- **WORK REQUEST**:
Your answer should repeat exactly the lines from the one holding "Floral Wire Frame Invitation (Front)" through the end of the data, and it should contain no pictures.

- **RECORDS**:
= Beginning of Section =
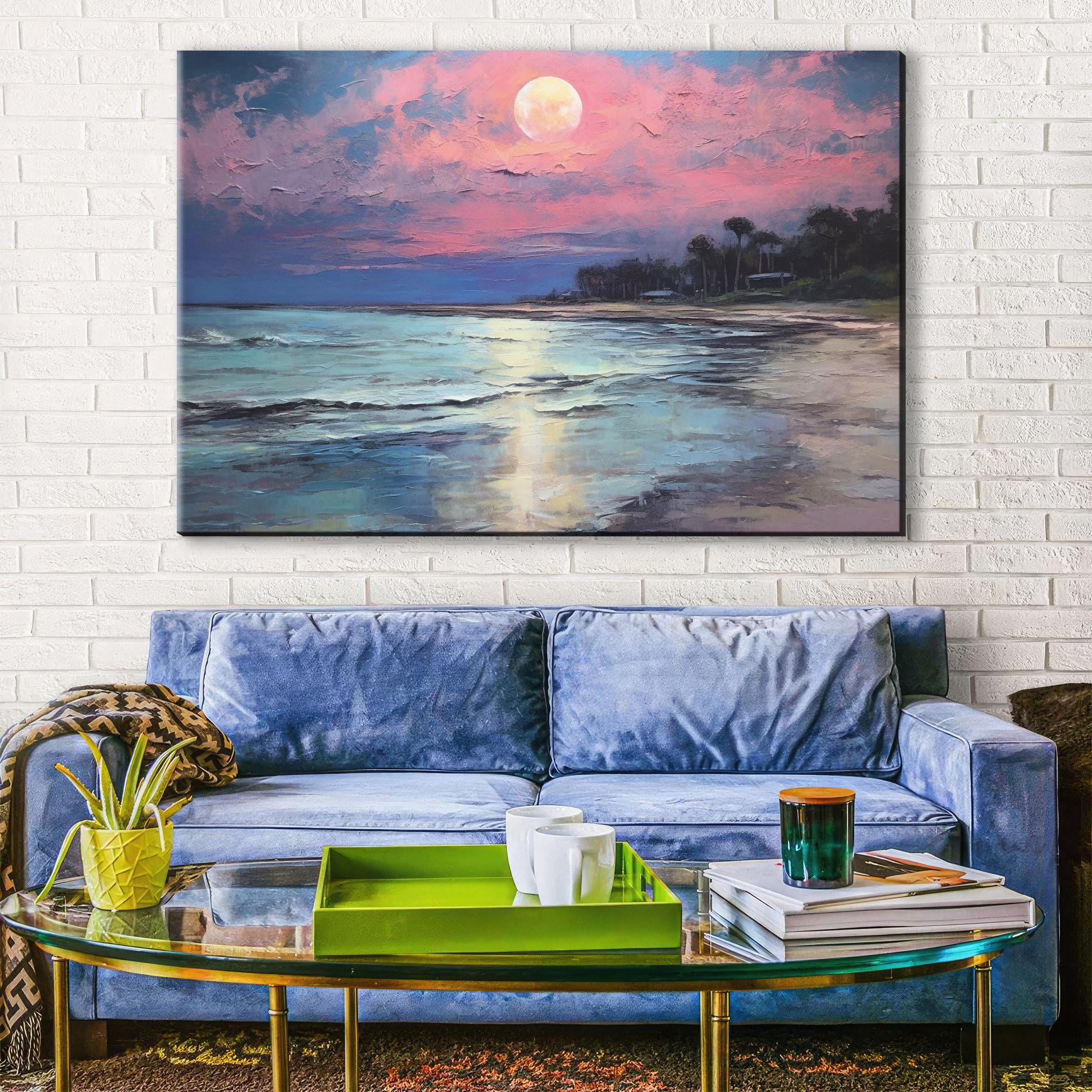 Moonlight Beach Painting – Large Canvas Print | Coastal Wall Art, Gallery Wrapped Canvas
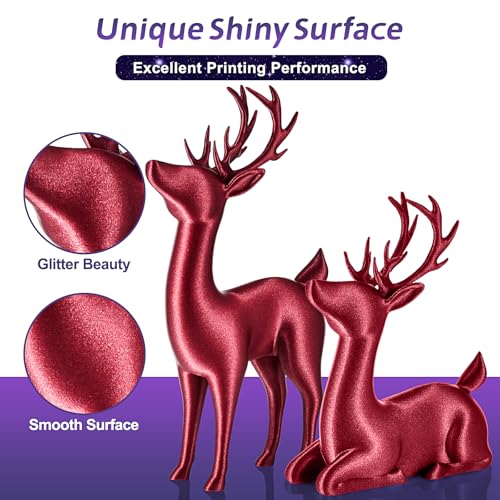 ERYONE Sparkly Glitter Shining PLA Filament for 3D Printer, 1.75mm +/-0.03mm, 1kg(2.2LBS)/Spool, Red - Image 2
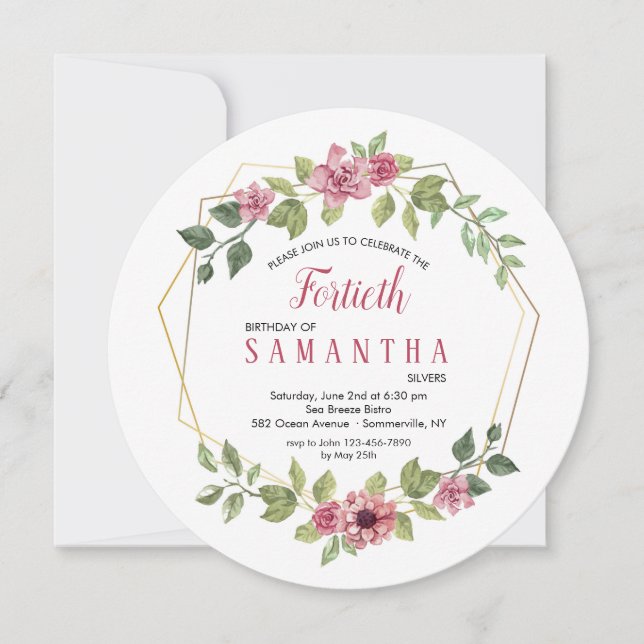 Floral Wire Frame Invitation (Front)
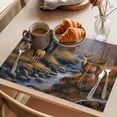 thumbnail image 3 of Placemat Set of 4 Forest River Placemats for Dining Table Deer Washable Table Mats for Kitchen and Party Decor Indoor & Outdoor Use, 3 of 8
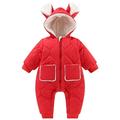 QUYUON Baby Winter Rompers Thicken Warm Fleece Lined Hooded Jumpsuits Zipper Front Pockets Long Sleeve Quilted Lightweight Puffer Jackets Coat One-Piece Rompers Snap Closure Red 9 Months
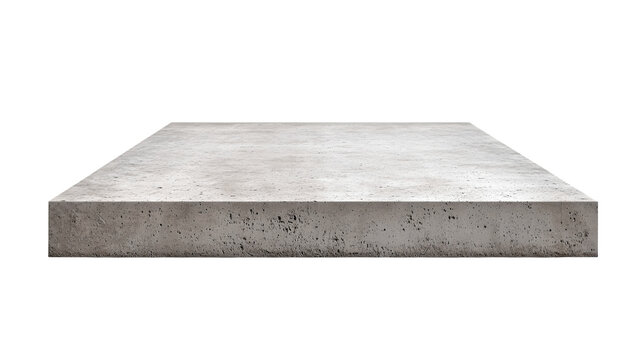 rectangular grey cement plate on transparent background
= End of Section =
- **TASK ANSWER**:
 Floral Wire Frame Invitation (Front)
 thumbnail image 3 of Placemat Set of 4 Forest River Placemats for Dining Table Deer Washable Table Mats for Kitchen and Party Decor Indoor & Outdoor Use, 3 of 8
 QUYUON Baby Winter Rompers Thicken Warm Fleece Lined Hooded Jumpsuits Zipper Front Pockets Long Sleeve Quilted Lightweight Puffer Jackets Coat One-Piece Rompers Snap Closure Red 9 Months
 rectangular grey cement plate on transparent background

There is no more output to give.